Long stone embankment, the Slavíč Stream

Remains of check dam, the Slavíč Stream

Monday, 23 September 2019

Predictors of low instream wood abundance in Cretan steep streams

Our new paper demonstating the role of low tree density in riparian corridors on low abundance of instream wood in steep nonperennial streams was just published in Water Resources Research. Thus, the paper provides deeper understanding of recruitment and retention procecess of instream wood at the reach scale in vulnerable environment of Mediterranean semiarid landscapes, which was based on our detailled measurements in 37 independent channel reaches in Lefka Ori Mts., Crete, Greece. The parameter of elevation controlled mean annual percipitations, which in turn were reflected in the composition of riparian canopy along the steep mountain streams. It is also interesting that the mobilized wood tended to be stored as individual, dispersed pieces rather than in jams, likely due to overall low instream wood abundance which effectively prevented clustering of wood into large jams.
Deposited instream wood in the Kallikratis gorge. 

Thursday, 19 September 2019

The study of river restoration potential of the Černá Ostravice River

Human interactions with mountain streams in Czech part of the flysch Western Carpathians has more than 100 years of history. These are represented by indirect impacts since the 16th century linked with an extensive changes in land use, and by direct human interventions connected with control works, check-dam constructions (e.g., due to timber floating, flood protection, sediment regime control). We finished project which was focused on potential restoration measures in the Černá Ostravice River basin in Moravskoslezské Beskydy Mts in Czech Republic. The project was realized in cooperation with the Union for the Morava River. The study proposes potential measures to improve hydromorphological and habitat conditions in the lower reach of the Černá Ostravice River.
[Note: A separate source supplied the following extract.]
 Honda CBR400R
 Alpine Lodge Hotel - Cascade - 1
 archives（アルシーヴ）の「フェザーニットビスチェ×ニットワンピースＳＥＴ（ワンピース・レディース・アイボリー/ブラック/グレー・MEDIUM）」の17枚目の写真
The main measures were aimed to increase stream connectivity for aquatic communities or sediment flux, increase morphological heterogeneity and occurrence of instream wood as element affected better stream habitat conditions and increase of water retention in floodplain.

Bank stabilization structures protecting road.

Regulated channel (partially due to timber floating).

Check-dam controlled longitudinal profile of the channel.

Wednesday, 3 July 2019

Carpatho-Balkan-Dinaric Conference on Geomorphology

Our fluvial group presented research on Carpatho-Balkan-Dinaric Conference on Geomorphology. The Conference was held from June 24 to 27, 2019 at Szeged in Hungary. It was focused on rapidly changing world, various environmental hazards which cause considerable damages and loss of life, or their consequences change the rate of geomorphological processes and forms in the Carpatho-Balkan-Dinaric Region. We participated in sessions which were focused on problematics linked with human impact on fluvial processes and systems. Our contributions were dealing with Morphological response of mountain streams to long-term human interventions in the Czech Carpathians presented by Tomas Galia, Fluvial system diversity in relation to confluence hydrodynamic zone – a review study by Lukáš Vaverka, Morphological effects of long-term low sediment inputs – the Elbe River by Jan Hradecký, Public perception of gravel bed rivers. A case study from the Czech Carpathians by Zuzana Poledniková, Possibilities for stopping of further degradation gravel-bed Morávka River by Tereza Macurová, and Conceptual framework for restoration of Czech Carpathian Rivers by Václav Škarpich.